__Provided material__:
::::
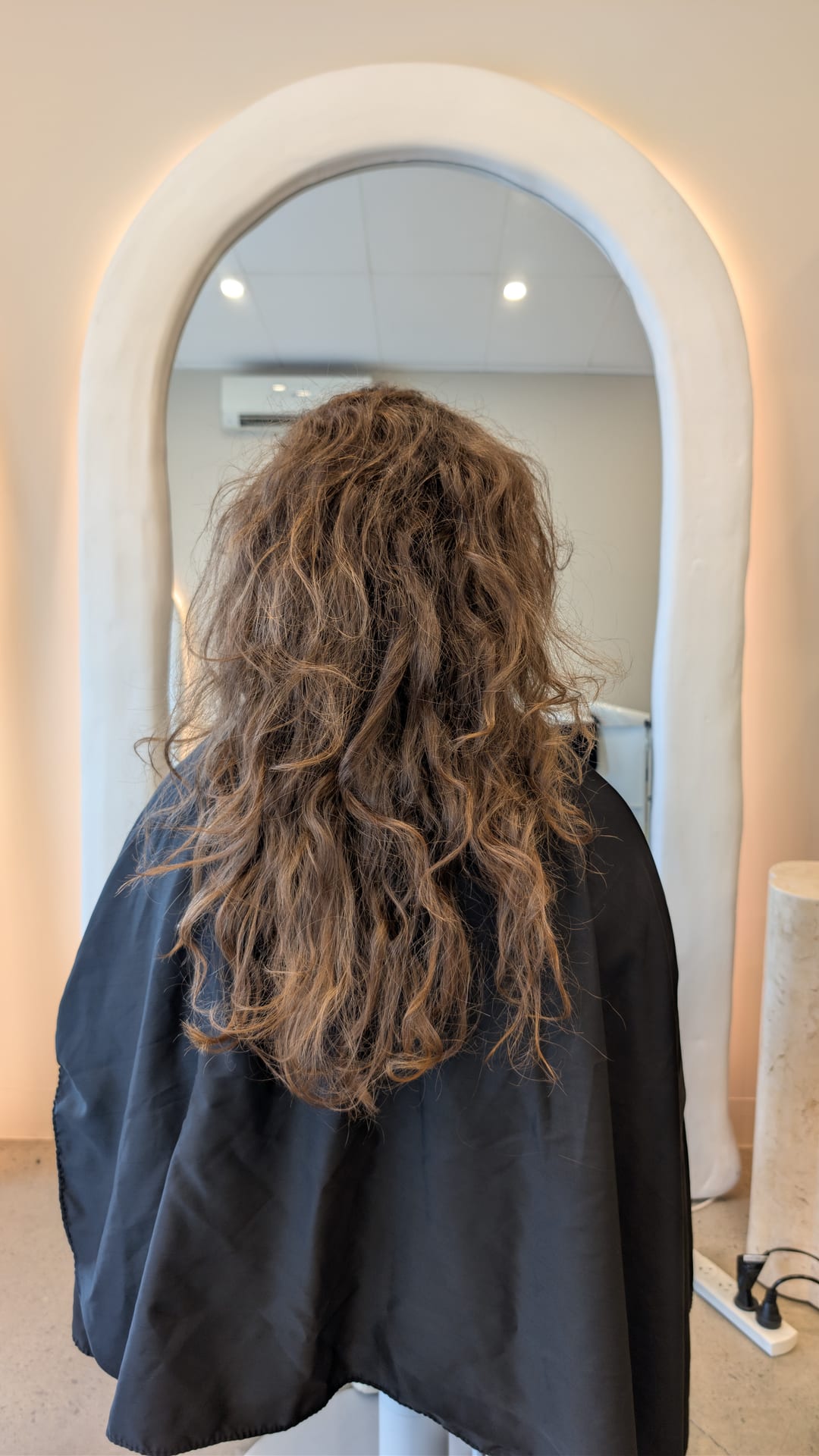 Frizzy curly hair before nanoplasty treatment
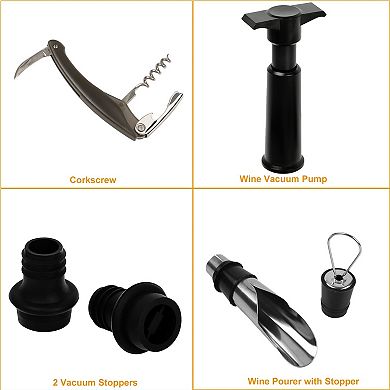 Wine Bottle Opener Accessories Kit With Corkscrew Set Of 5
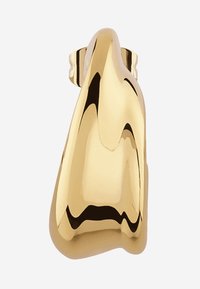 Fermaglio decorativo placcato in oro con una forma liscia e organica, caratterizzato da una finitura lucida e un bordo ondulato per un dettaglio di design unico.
::::
__Directions for this task__:
All of the material above is to be retyped exactly, with no pictures included.

__Solution to the problem__:
 Frizzy curly hair before nanoplasty treatment
 Wine Bottle Opener Accessories Kit With Corkscrew Set Of 5
 Fermaglio decorativo placcato in oro con una forma liscia e organica, caratterizzato da una finitura lucida e un bordo ondulato per un dettaglio di design unico.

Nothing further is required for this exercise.